Washington está todas las primaveras pendiente
de los cerezos y este año no ha sido menos: que si las tempranas temperaturas
primaverales habían acelerado la floración, que si los capullos se verían
afectados por la tardía tormenta de nieve Stella, que si los brotes que se
habían congelado lograrían sobrevivir, que si los que no habían salido lo
harían… Cada año todos esperan impacientes el veredicto del encargado de
dictaminar cuándo ha florecido el 70% de los capullos, momento en que comenzará
el Cherry Blossom Festival. Esa expectación me recuerda a cuando estaba en
Oriente Medio y todos esperaban ansiosos el veredicto del sabio que escudriñaba
el cielo para percibir el primer creciente tras la luna nueva y así marcar el
inicio del Ramadán, aunque no creo que a la nueva Administración estadounidense
le haga mucha gracia mi asociación.
Este Festival del florecimiento de los
cerezos tiene lugar desde 1912 al inicio de la primavera y atrae a cientos de
miles de visitantes de todo el mundo. Pero el Festival no celebra únicamente el
despertar de la naturaleza. Es algo mucho más cosmopolita, como corresponde a
la capital del Imperio y pretende conmemorar las buenas relaciones entre los
ciudadanos de Japón y de Estados Unidos simbolizadas en los 3.020 cerezos que
el alcalde de Tokio le regaló en 1912 al alcalde de Washington.
Que llegaran esos árboles requirió un
largo trabajo diplomático y, de hecho, a punto estuvo de irse todo al traste
cuando al inspeccionarse en EEUU el primer cargamento de 2.000 cerezos
japoneses se descubrió que venían infestados de parásitos y el Presidente Taft,
siguiendo las recomendaciones del Departamento de Agricultura, los sentenció a
ser quemados. Japón respondió mandando un mayor número de árboles y seguro que
al funcionario que se ocupó del primer envío se le cayó su lacio pelo nipón.

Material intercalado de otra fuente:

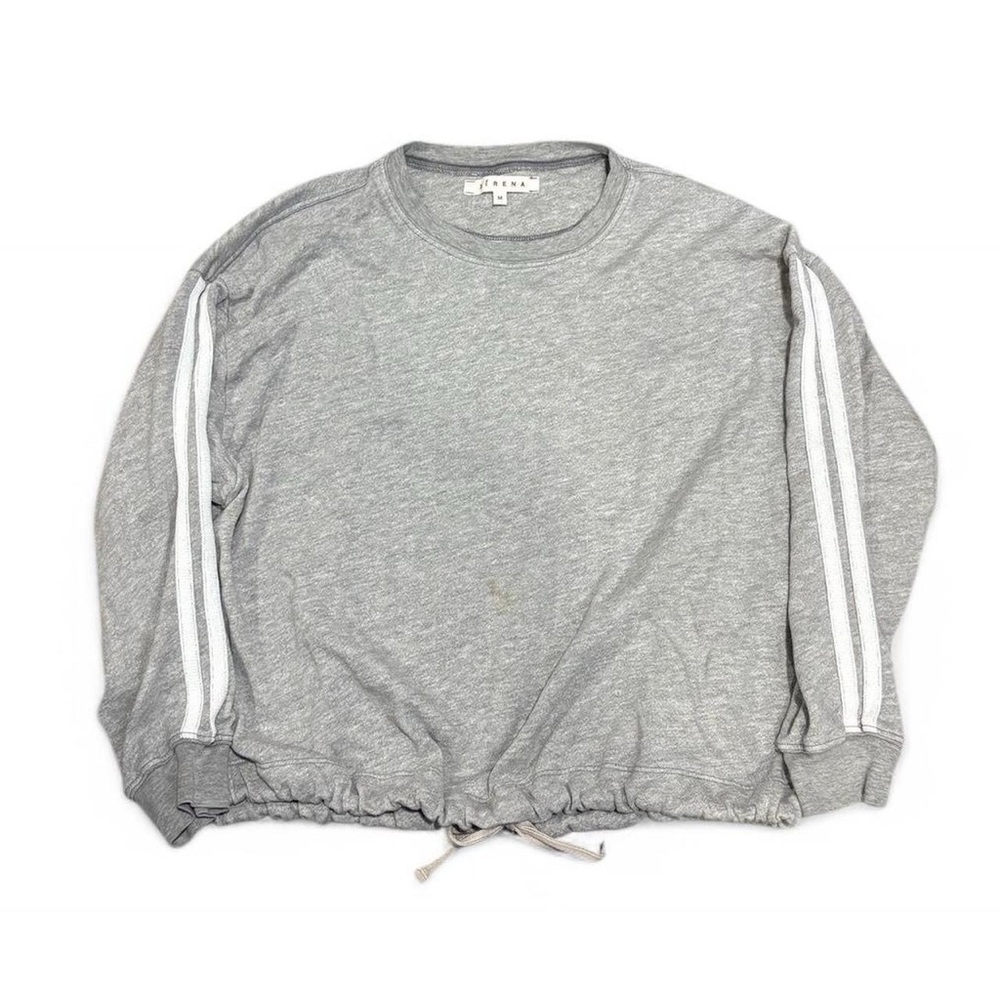 XiRENA Crew Neck Sweatshirt Drawstring Waist Track Stripes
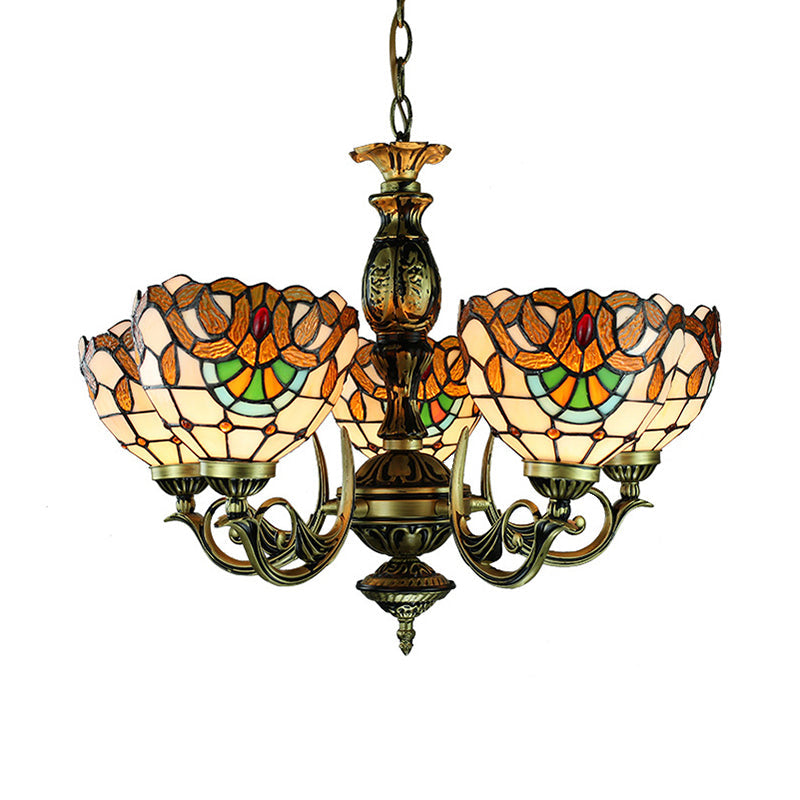 Victorian Stained Glass 5-Light Pendant Chandelier with Height Adjustment
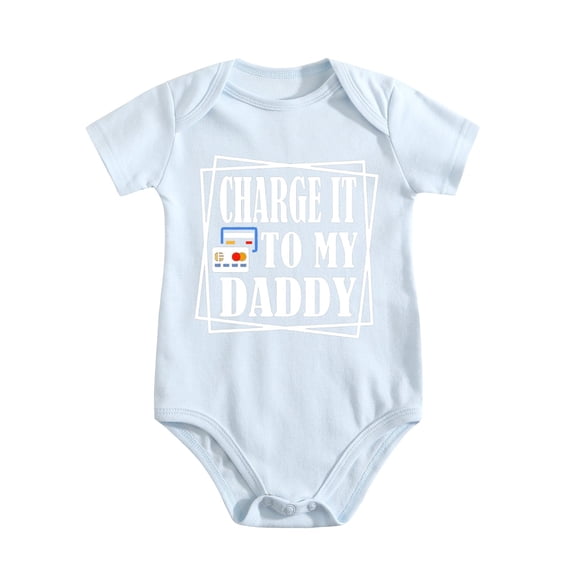 Cute Baby Twin Theme Bodysuit, Charge It To My Daddy Unisex Infant Romper (Single Piece) Baby Blue-style 9-12M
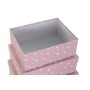 Set di Scatole per Sistemare Impilabili DKD Home Decor Bianco Per bambini Rosa chiaro Cartone (43,5 x 33,5 x 15,5 cm)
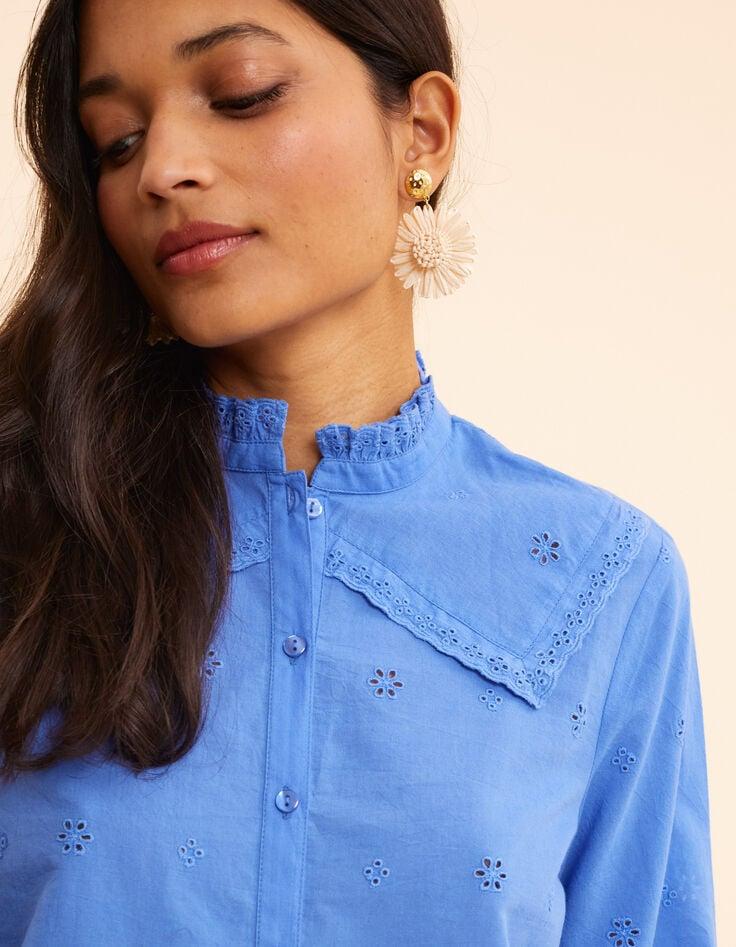 ikks Chemise bleue broderie anglaise col cousu I.Code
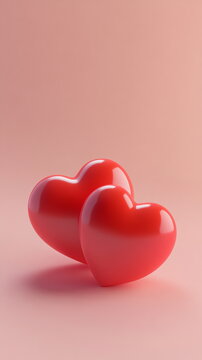 Minimalist outline of two hearts, one inside the other, in red color on a plain pastel pink background Valentine's day vertical social media concept, photo footage stories reels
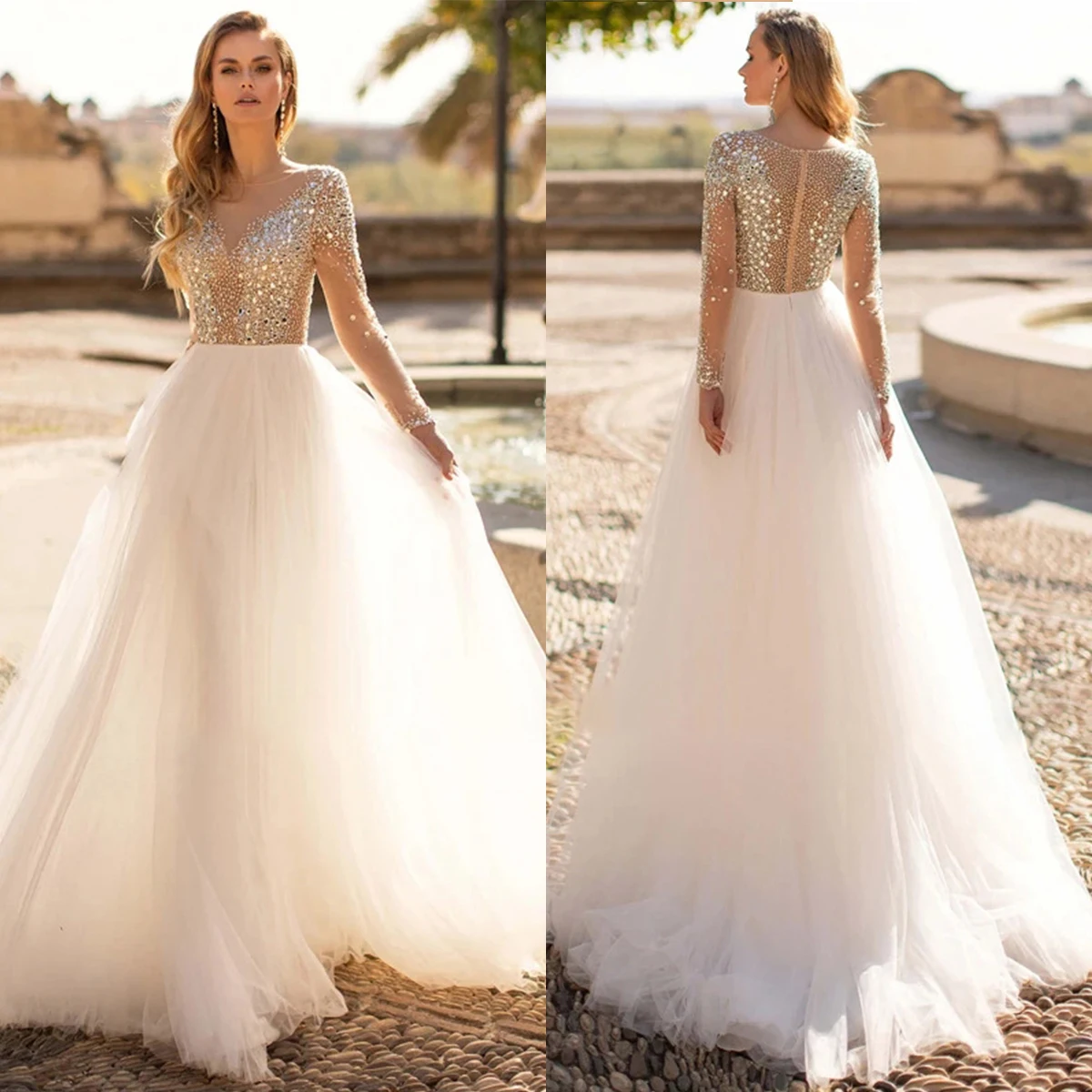 Vestidos de novia de moda, mangas largas, cuentas, apliques de piedra de cristal, vestidos de novia de línea A, bata de tren de barrido trasero con botones personalizados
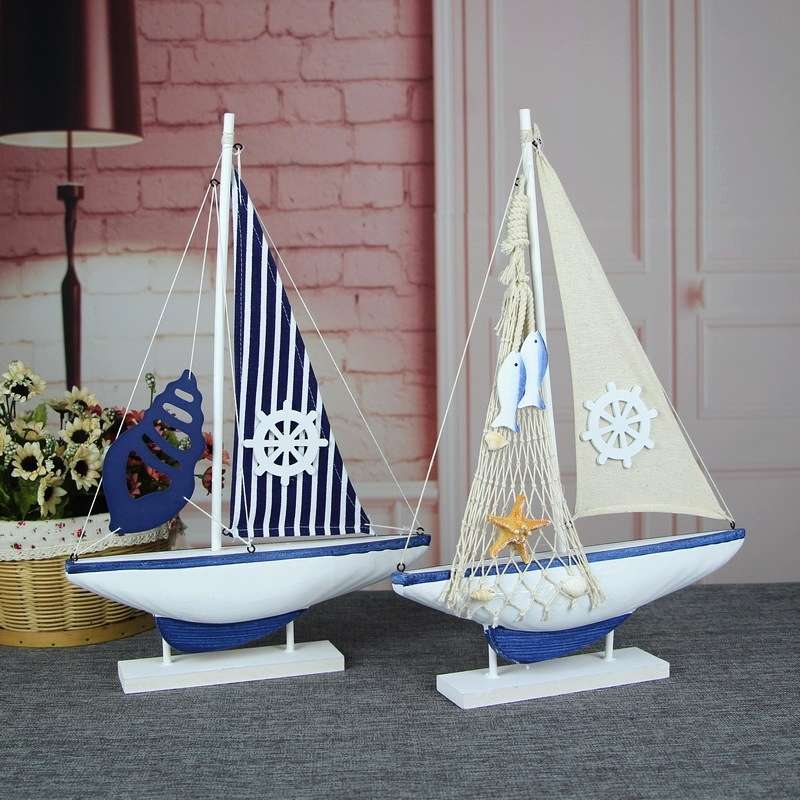 地中海风格帆船摆件一帆风顺船摆设模型木质木制海洋风木船装饰品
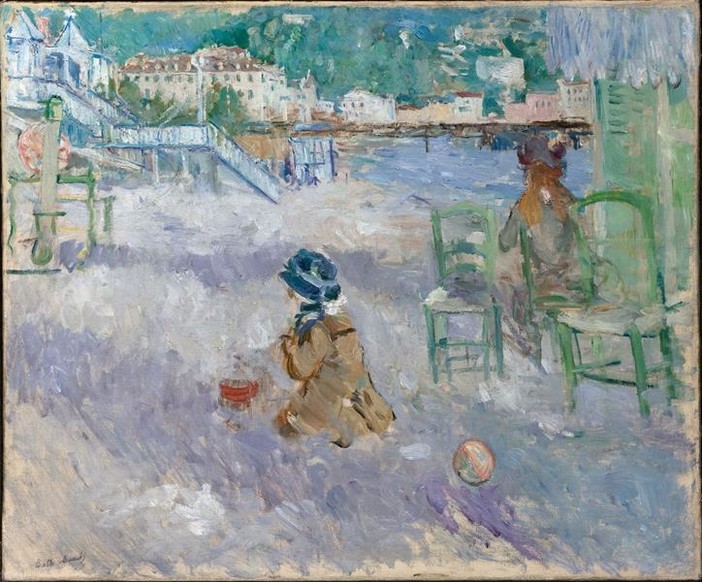 Berthe Morisot La Plage de Nice, 1882 Huile sur toile, 46,5 x 56 cm - Collection particulière © Sotheby’s Berthe Morisot La Plage de Nice, 1882 Huile sur toile, 46,5 x 56 cm - Collection particulière © Sotheby’s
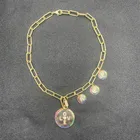 New Square Pendant ROMANTIC New Design Square Chain Colorful Diamond Letter Pendant DIY Necklace For Women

En una ceremonia que tuvo lugar el 27 de marzo de 1912, la Primera Dama y la mujer del Embajador de Japón plantaron los dos primeros cerezos en el Tidal Basin de Washington DC, que es esa ensenada artificial situada en el centro de la ciudad donde se encuentran algunos de los monumentos más impresionantes de la capital de EEUU. Como muestra de gratitud ante tan generoso regalo, el Presidente Taft envió tres años después 50 sanguiñuelos o cornejos floridos (Cornus florida) una especie originaria del Este de Norteamérica y que florece hacia el mes de abril. Con estos no hizo falta repetir el envío y los gestos amistosos entre las dos ciudades dieron inicio a una tradición de intercambiarse ambos tipos de árboles, tradición que permanece hasta hoy en día.
A mí, la idea me parece muy bonita porque
desde hace más de un siglo, al florecer después de largos meses de invierno, estos
árboles reavivan la amistad entre ambos países, su belleza muestra el esplendor
natural de las dos naciones y sus diminutas flores se han convertido en el
símbolo de los profundos lazos entre Washington y Tokio. Y el identificar la
amistad con un ser vivo al que hay que cuidar, respetar, admirar y proteger me
parece muy acertado. La gente así lo entendió desde el primer momento y como
muestra está el que tras el bombardeo japonés de Pearl Harbor en 1941 cuatro de
esos cerezos aparecieron talados en lo que se consideró uno de los gestos de
repulsa más efectivos. Actualmente los washingtonianos cuidan esos árboles de
una manera que me deja puesta: está prohibido subirse a ellos, arrancar rama
alguna, caminar alrededor de sus raíces o incluso que los perros hagan sus necesidades
en las inmediaciones.
A ambos lados del Pacífico se celebra ese
florecimiento amistoso con sendos festivales. Washington atrae a más de un
millón y medio de turistas a las numerosísimas actividades, que tienen un
marcado acento oriental: desde la ceremonia inaugural pasando por el Cinematsuri
o Festival de cine japonés, el Día de la Cultura Japonesa en la Biblioteca del
Congreso, el Sakura Matsuri o Festival callejero japonés, el mercado nocturno
japonés, los conciertos de DJ nipones, las degustaciones o clases de cocina
japonesa … hasta que el espectáculo de fuegos artificiales pone el punto final a
las celebraciones tres semanas después.
El “merchandising” funciona a las mil
maravillas, que para algo estamos en la capital del mundo capitalista y, como
las flores de los cerezos son rosas, absolutamente todo se tiñe de ese color.
Porque nada gusta más a los americanos que uniformizarse y asociar un color a
un evento particular. Y aquí, la primavera es definitivamente rosa.